# Work item:
Look through the listing below and write out exactly the lines from the line with "Today we make" to the line with "For rent 3 bedrooms", both included, and no others.

# Task data:
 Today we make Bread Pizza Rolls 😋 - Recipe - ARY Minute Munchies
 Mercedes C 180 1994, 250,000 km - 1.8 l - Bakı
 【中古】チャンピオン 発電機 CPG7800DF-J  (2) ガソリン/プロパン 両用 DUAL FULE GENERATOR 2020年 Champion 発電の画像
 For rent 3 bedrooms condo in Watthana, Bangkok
---
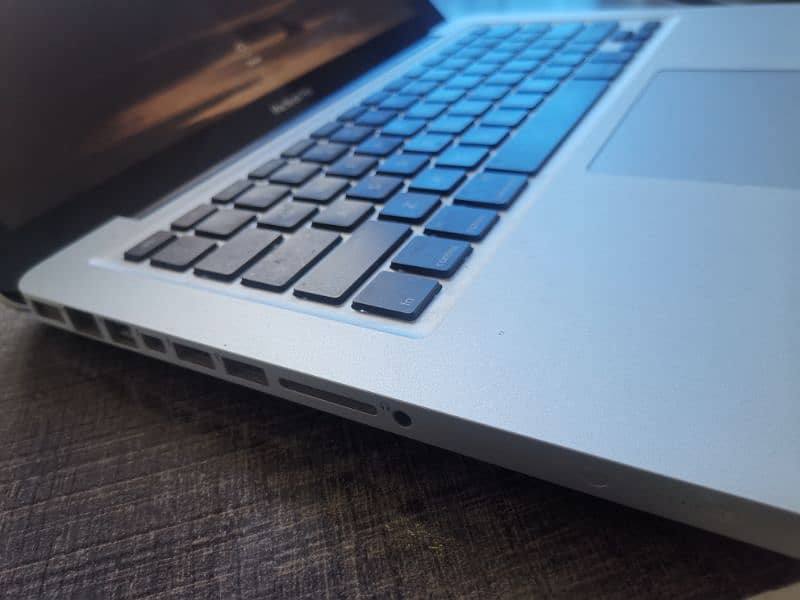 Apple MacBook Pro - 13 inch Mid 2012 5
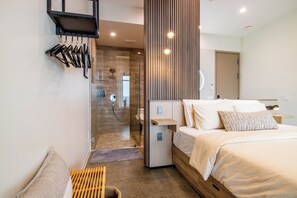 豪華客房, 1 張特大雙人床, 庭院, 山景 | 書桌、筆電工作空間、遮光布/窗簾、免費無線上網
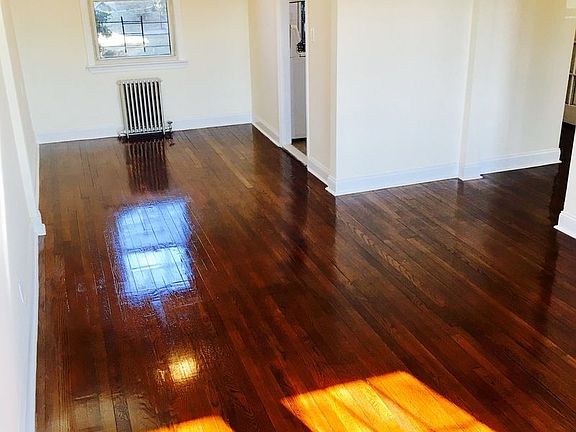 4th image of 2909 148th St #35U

# Answer:
 Today we make Bread Pizza Rolls 😋 - Recipe - ARY Minute Munchies
 Mercedes C 180 1994, 250,000 km - 1.8 l - Bakı
 【中古】チャンピオン 発電機 CPG7800DF-J  (2) ガソリン/プロパン 両用 DUAL FULE GENERATOR 2020年 Champion 発電の画像
 For rent 3 bedrooms condo in Watthana, Bangkok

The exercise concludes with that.